La legge di fine legislatura dall’Assemblea regionale siciliana è finita sotto i colpi del Consiglio dei ministri che ha impugnato alcune norme della legge intitolata “Variazioni al Bilancio di previsione della Regione siciliana per il triennio 2022/2024”.
Il CdM, in particolare sulle ex Province, è arrivato alla conclusione che “Il reiterato rinvio delle elezioni” nei Liberi Consorzi e nelle tre Città metropolitane di Palermo, Messina e Catania “e le conseguenti proroghe dei commissariamenti violano i principi di democraticità di cui all’art.1, comma primo della Costituzione, in quanto i referendum e le elezioni (ancorché indirette) rappresentano il momento più alto di manifestazione della sovranità popolare e contrastano altresì con gli artt.5 e 114, in quanto l’autonomia e la rappresentatività degli enti commissariati sono svuotate da un commissariamento – di fatto – sine die”.
E’ quanto si legge nell’impugnativa da parte del CdM di alcune norme contenute nella legge di variazione del bilancio della Regione siciliana, approvata dall’Ars il 4 agosto prima della pausa estiva.
Per il CdM “si porrebbero inoltre in contrasto con il principio di ragionevolezza desumibile dall’art. 3 della Costituzione” perché “la situazione di eccezionalità che poteva giustificare, nell’immediatezza dell’entrata in vigore, della disciplina di riforma la proroga originariamente disposta non può infatti porsi come plausibile ragione giustificativa delle successive 10 proroghe che si sono susseguite in un arco temporale di sei anni, ciò che stabilizza l’eccezionalità oltre ogni ragionevole limite”.
“Inoltre – si legge nell’impugnativa – il legislatore siciliano non terrebbe conto della giurisprudenza costituzionale (sentenza costituzionale n. 168/2018) secondo cui l’art. 114 Cost., nel richiamare al proprio interno, per la prima volta, l’ente territoriale Città metropolitana, ha imposto alla Repubblica il dovere di istituirlo concretamente. Né del resto il nuovo ente potrebbe avere disciplina e struttura diversificate da Regione a Regione, nel presupposto di livelli di governo di disciplina uniforme, con riferimento agli aspetti essenziali (sentenza costituzionale n. 50/2015)”.
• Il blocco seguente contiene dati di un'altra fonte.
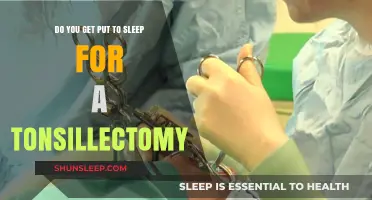 Tonsillectomy Anesthesia Explained: Are You Put to Sleep During Surgery?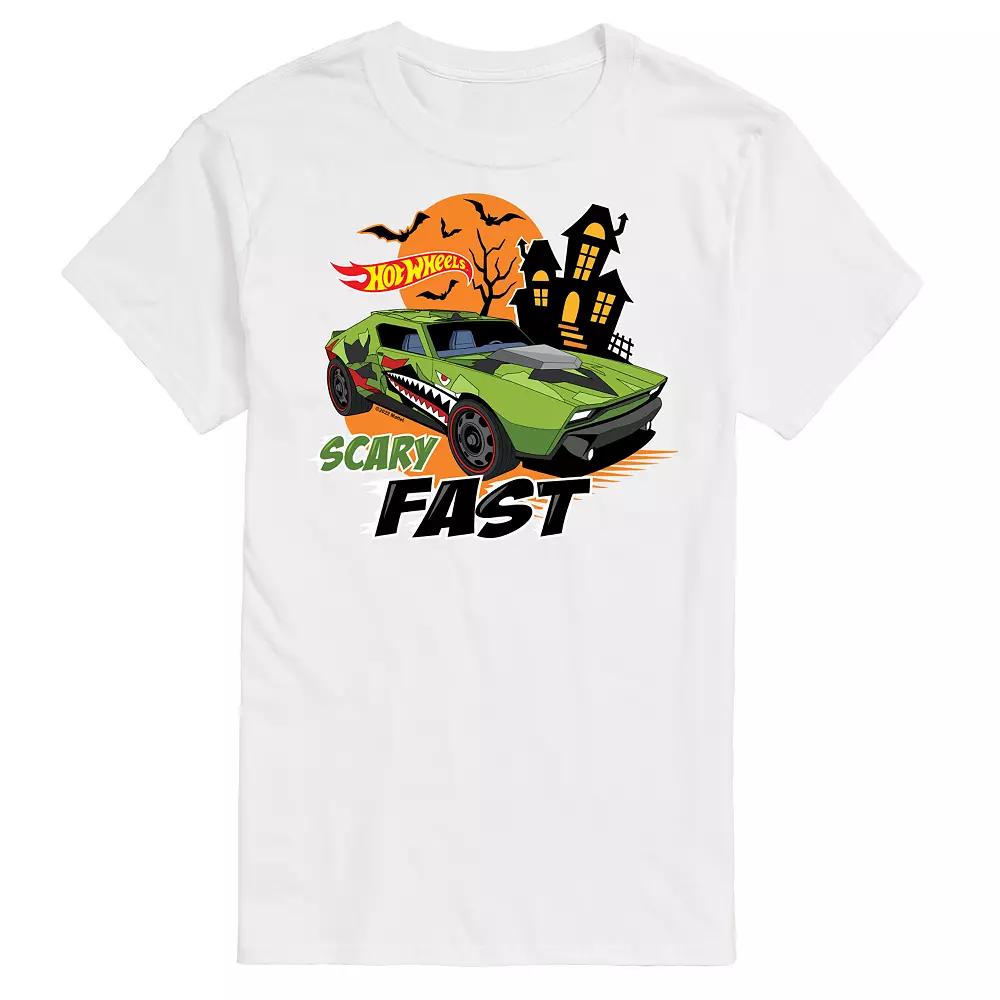 Men's Hot Wheels Scary Fast Graphic Tee,  Product Image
Continuando, il CdM comunica che “la Regione siciliana, pur dando apparente seguito, con la legge regionale n. 15/2015, all’obbligo di riordino delle circoscrizioni provinciali, ha in realtà finora rinviato le elezioni degli organi provinciali (“liberi consorzi comunali”) e ha pertanto disatteso la legge n. 56/2014 (legge Delrio), ponendosi al di fuori della cornice normativa di quest’ultima, le cui disposizioni valgono come principi di grande riforma economica e sociale, al cui rispetto anche le Regioni a statuto speciale sono tenute e a cui anche la Regione siciliana soggiace, posto che le disposizioni statutarie, trovano il loro limite nelle norme fondamentali delle riforme economico-sociali, secondo quanto espressamente statuito dalla Corte costituzionale”.
“Il continuo protrarsi dei commissariamenti degli enti di area vasta determina in conclusione – prosegue il CdM – una derivazione e dipendenza degli stessi dall’ente regionale in dispregio della loro autonomia e del principio di riforma sancito dalla legge Delrio, che concepisce gli enti di area vasta come espressione del livello di governo inferiore (comunale) e non superiore, come di fatto si è realizzato”.
Nell’impugnativa il CdM ricorda che “dal 2015 ad oggi, la Regione ha rinviato ben undici volte le elezioni degli organi dei liberi Consorzi comunali e delle Città metropolitane prorogando contemporaneamente la gestione commissariale degli enti di area vasta”.